Major Discoveries by Cassini
Observation	Implications
Thermal asymmetry between hemispheres	Possible difference in texture or composition
Absence of geysers or activity	Unlike Enceladus, Mimas is geologically dead
Measured librations (oscillations)	Indicate a rigid internal structure or an elongated core

Comparison with Other Icy Moons

Mimas vs Other Saturnian Moons
Characteristic	Mimas	Enceladus	Tethys	Dione
Diameter (km)	396	504	1,062	1,123
Density (g/cm³)	1.15	1.61	0.984	1.48
Geological activity	None	Active cryovolcanism	Ancient (craters)	Tectonic faults
Particularity	Giant Herschel crater	Vapor plumes	Grand canyon (Ithaca Chasma)	"Wispy terrain" fractures

Mimas and Pandora: A Resonant Orbital Dance at the Edge of the Rings

Although Mimas (396 km in diameter) and Pandora (81 km) differ radically in size and position, they maintain a subtle gravitational relationship that illustrates the complexity of the Saturnian system. Pandora, a "shepherd moon" of the F Ring, and Mimas, guardian of the Cassini Division, are connected by two key phenomena:

1. Indirect Orbital Resonance
Mimas and Pandora are not in direct resonance (as Mimas is with Tethys), but their interaction occurs through:

Mimas' influence on the rings: Its gravity shapes the edges of the Cassini Division (4,800 km wide), which in turn affects particles near Pandora's orbit.
Long-term perturbations: Simulations show that Mimas, with its powerful gravitational field, modulates Pandora's orbital eccentricity over timescales of thousands of years (Goldreich & Tremaine, 1982).
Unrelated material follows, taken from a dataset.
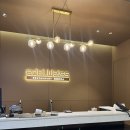 케이호텔 | [경주 가족 호텔 / 경주 온천 호텔] 더케이 호텔 경주 조식, 디너 뷔페 꿀팁 후기💚🍴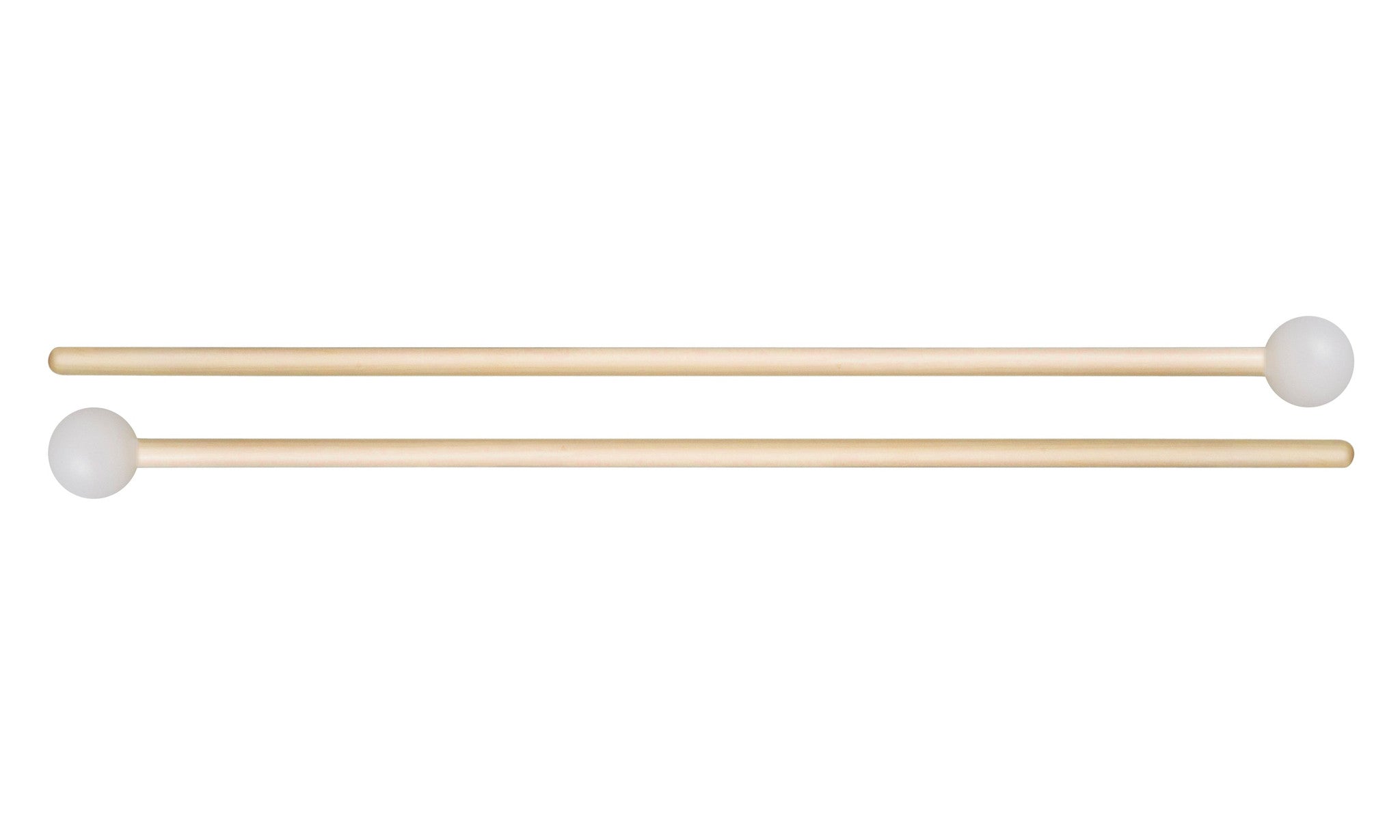 ProMark Mallets 1.125 x 1.125 Inch ProMark Dan Fyffe Xylo/Bells Series DFP630 and DFP640 Mallets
2. Complementary Role in Ring Stabilization
The two moons play opposite but complementary roles:

Comparison of Mimas and Pandora's Roles
Characteristic	Mimas	Pandora
Position	Orbits 185,539 km from Saturn	Orbits 141,700 km (just outside the F Ring)
Effect on the Rings	"Cleans" the Cassini Division via 2:1 resonance with particles	"Confines" the F Ring with Prometheus (co-shepherd moon)
Mechanism	Gravitational resonance destructive (ejects particles)	Tidal effects constructive (maintains ring edges)
Consequence	Creates "empty lakes" in the rings	Prevents the dispersion of the F Ring

3. An Asymmetric but Vital Relationship
Although Pandora is 5 times smaller than Mimas, their interaction reveals how:

Massive moons (like Mimas) structure the system on a large scale (wide rings, divisions).
Small moons (like Pandora) refine the details (narrow ring edges, density waves).

This complementarity explains why Saturn's rings are both stable over millions of years and dynamic on a small scale.

Observational Evidence (Cassini mission):

Cassini images showed that spiral waves in the F Ring coincide with Pandora's passages, while the sharp edges of the Cassini Division betray Mimas' influence.
Numerical simulations (Showalter & Burns, 1982) confirm that without Mimas, the ring structure would be much more chaotic, and without Pandora, the F Ring would disperse within decades.

Note:
Although Mimas and Pandora are not in direct resonance, their interaction is a perfect example of a chain of gravitational perturbations in planetary systems. This relationship illustrates how celestial bodies of very different sizes can coexist in dynamic equilibrium, a key principle for understanding the stability of ring systems.